━━ Source material
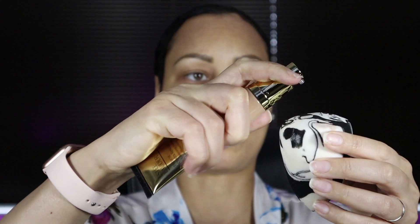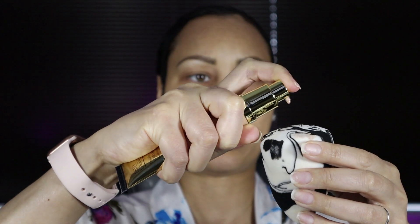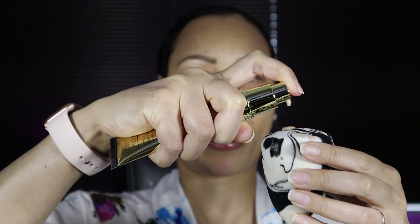I believe this is a medium to full coverage foundation and I am more of a medium girl, so I'm going to do a pump and a half. I'm not going to do two pumps, and if I need more I'll add to it. So I'm going to do one pump and then a half — okay, let's apply the product and blend it out.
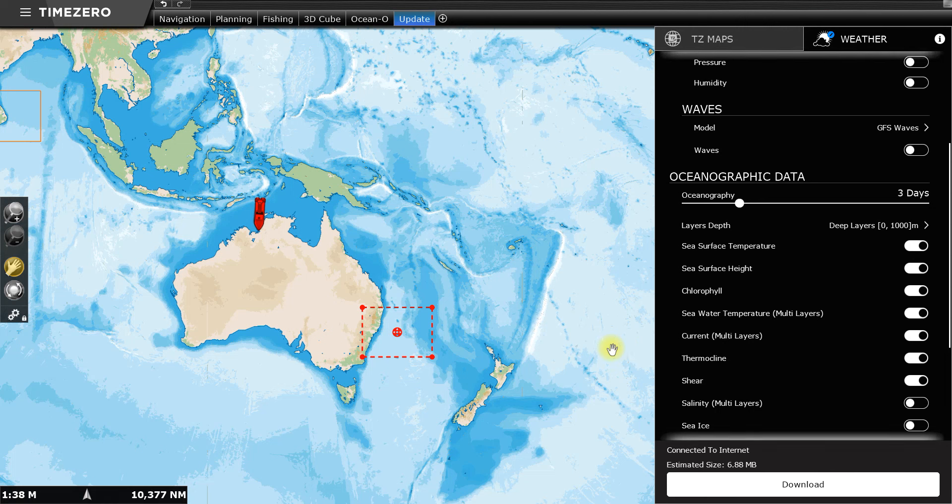I've just been looking at the latest forecast using the Oceano Premium subscription service, so I'll show you guys how it works. I'm selecting the Eastern Seaboard in Australia, going right up to Cairns. You just select the area you want to have a look at and you can move it around anywhere you want.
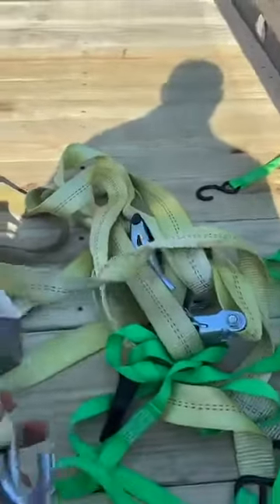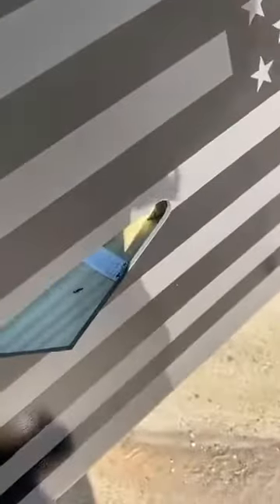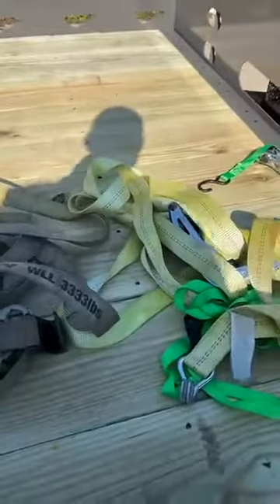And then this d-ring style hook right here — you can see how that goes through the lightning hole as well. So if you're pulling back, pulling up, or pulling forward, these holes really give you a universal fit for some of your more common straps that you see out there.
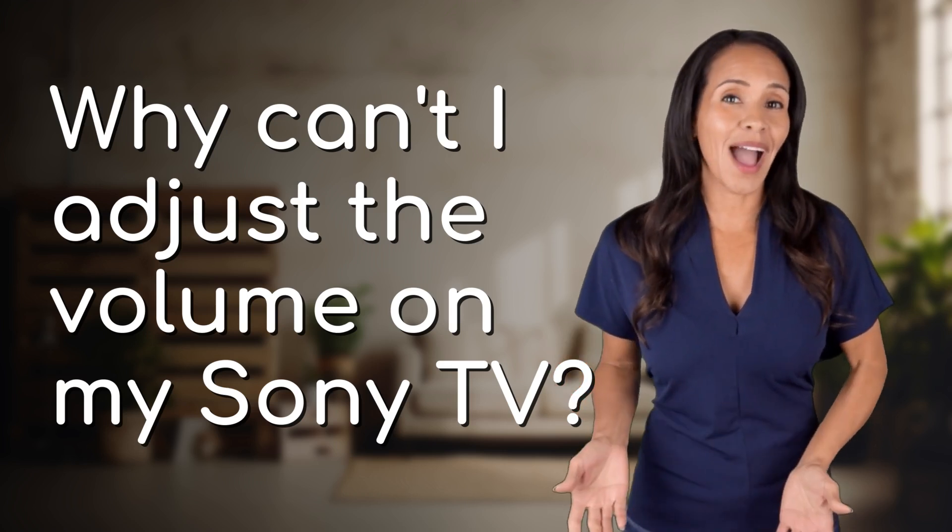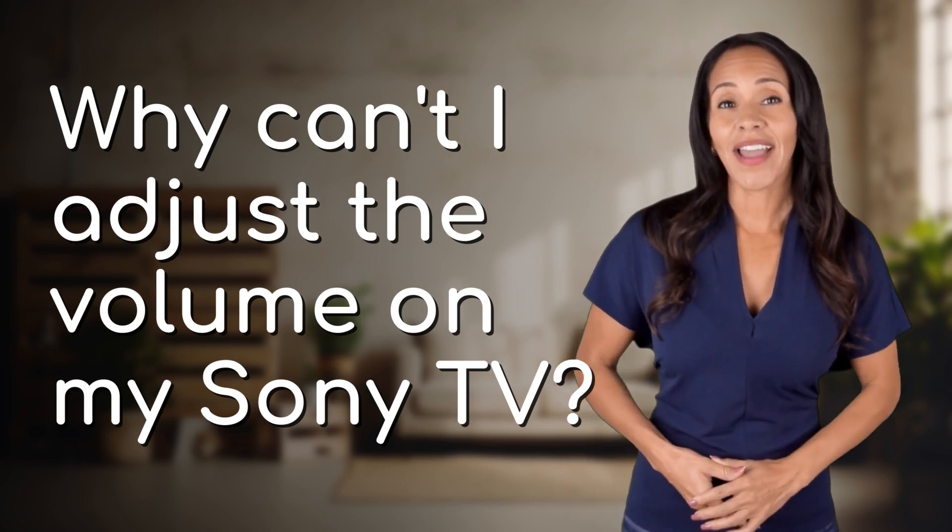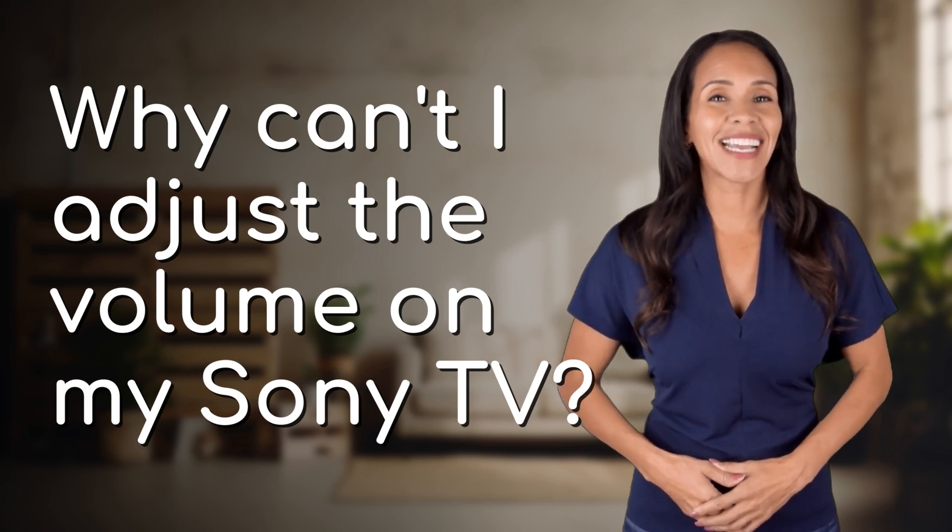Feeding your curiosity, fueling our passion. Let's satisfy our quest for knowledge with today's question.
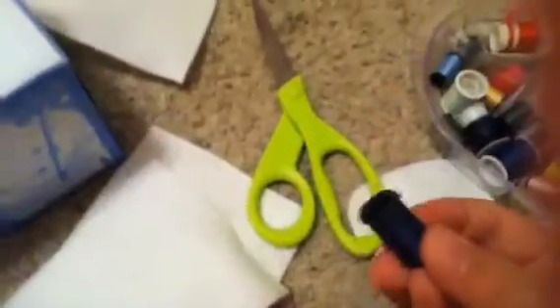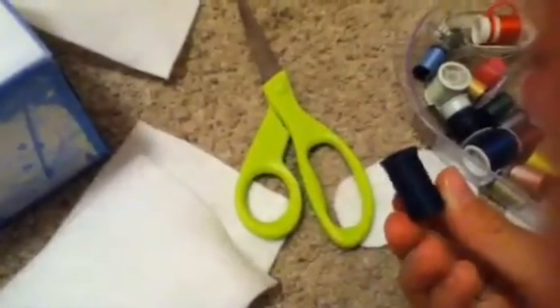Then you're gonna cut out two of these pieces for the sides and two of these pieces for the other sides. You're also gonna need scissors, black thread, and white thread — I don't have the white thread with me right now — and a needle.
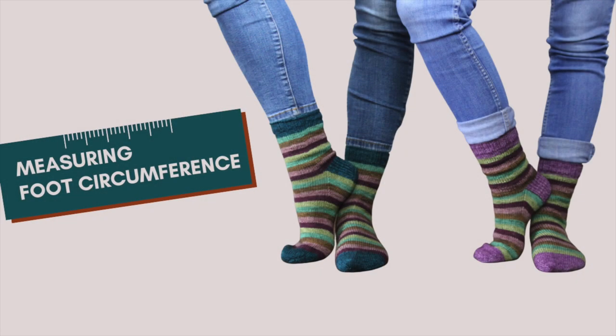But that's not the only essential foot measurement you need. Check out my 60 second tutorial on how to measure foot circumference.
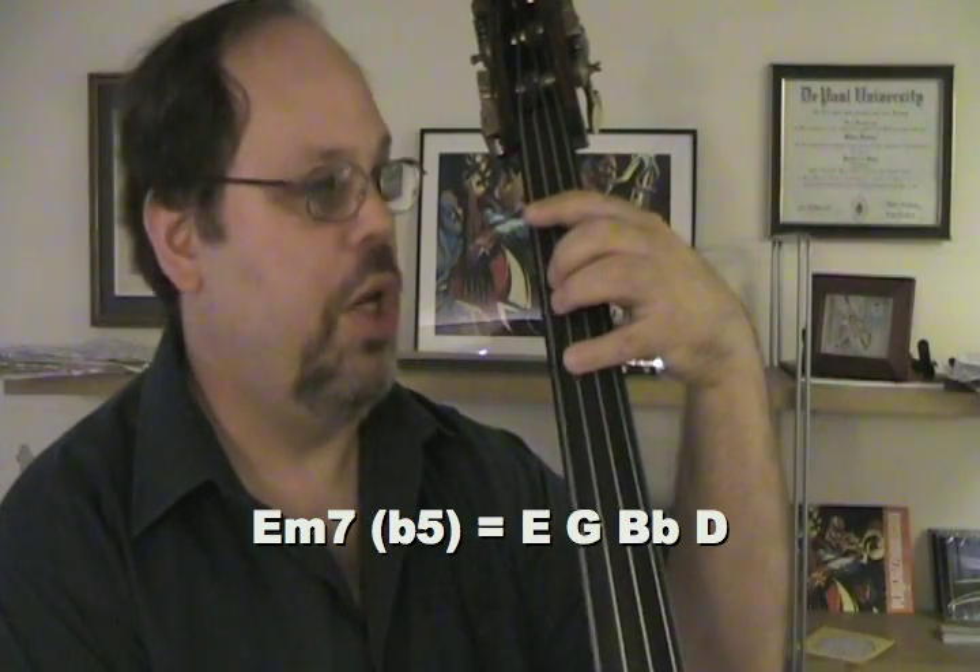So what am I doing when I'm playing that minor turnaround? I'm playing 2-5-1 in the key of D minor. The two chord is E minor 7 flat 5, that's E, G, B flat, D.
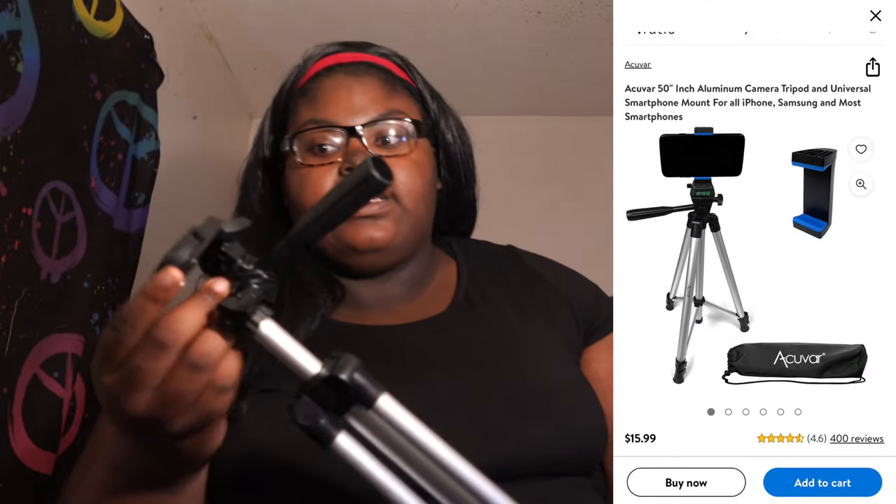It was $13.99. Now it's like $15 — I'll link it down below. My old tripod got me through a lot. I've had this tripod since 2020. If y'all were watching my channel in 2020, this was the tripod I used.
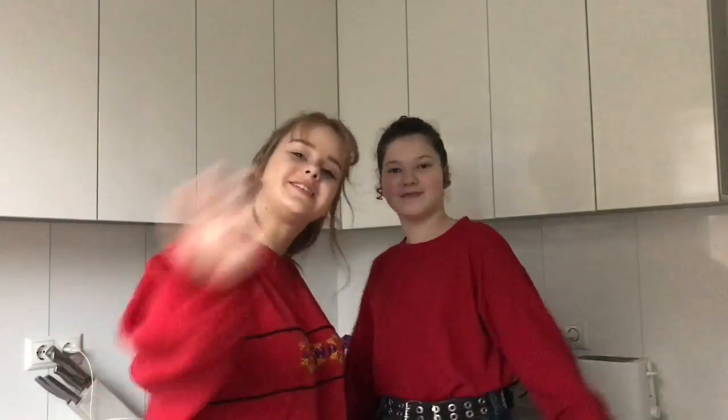Me and my friend Karolina really like this cake, so we're gonna show you how to make it. Now come with us. Negryukas is really easy — you just have to mix all of the ingredients together.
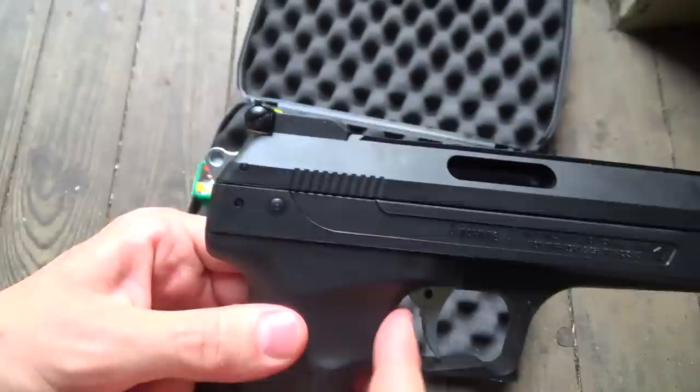The sights on the HW40 are fiber optic sights — the front sight and rear sight. The rear sight is fully adjustable for windage and elevation.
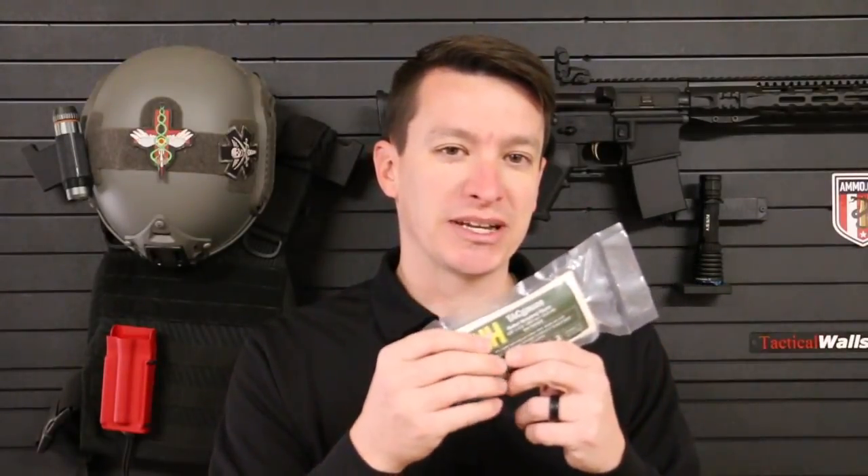A couple of things I think you guys will be excited about is this compressed gauze is made in the USA and it doesn't have an expiration date. I'm super excited because this is made in South Carolina, my home state.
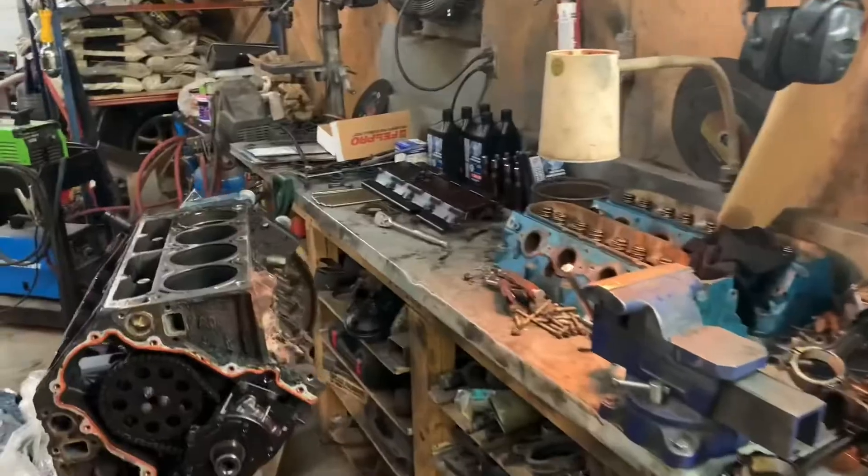My next job now is to get all the pistons in the engine, clean it up, paint it, and then reassembly.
━━━━
What you need to do:
Output exactly the stretch of the listing that begins at the line containing "Then you're gonna" and ends at the line containing "The sights on", both kept. Omit pictures and everything else.

Result:
Then you're gonna cut out two of these pieces for the sides and two of these pieces for the other sides. You're also gonna need scissors, black thread, and white thread — I don't have the white thread with me right now — and a needle.
But that's not the only essential foot measurement you need. Check out my 60 second tutorial on how to measure foot circumference.
So what am I doing when I'm playing that minor turnaround? I'm playing 2-5-1 in the key of D minor. The two chord is E minor 7 flat 5, that's E, G, B flat, D.
It was $13.99. Now it's like $15 — I'll link it down below. My old tripod got me through a lot. I've had this tripod since 2020. If y'all were watching my channel in 2020, this was the tripod I used.
Me and my friend Karolina really like this cake, so we're gonna show you how to make it. Now come with us. Negryukas is really easy — you just have to mix all of the ingredients together.
The sights on the HW40 are fiber optic sights — the front sight and rear sight. The rear sight is fully adjustable for windage and elevation.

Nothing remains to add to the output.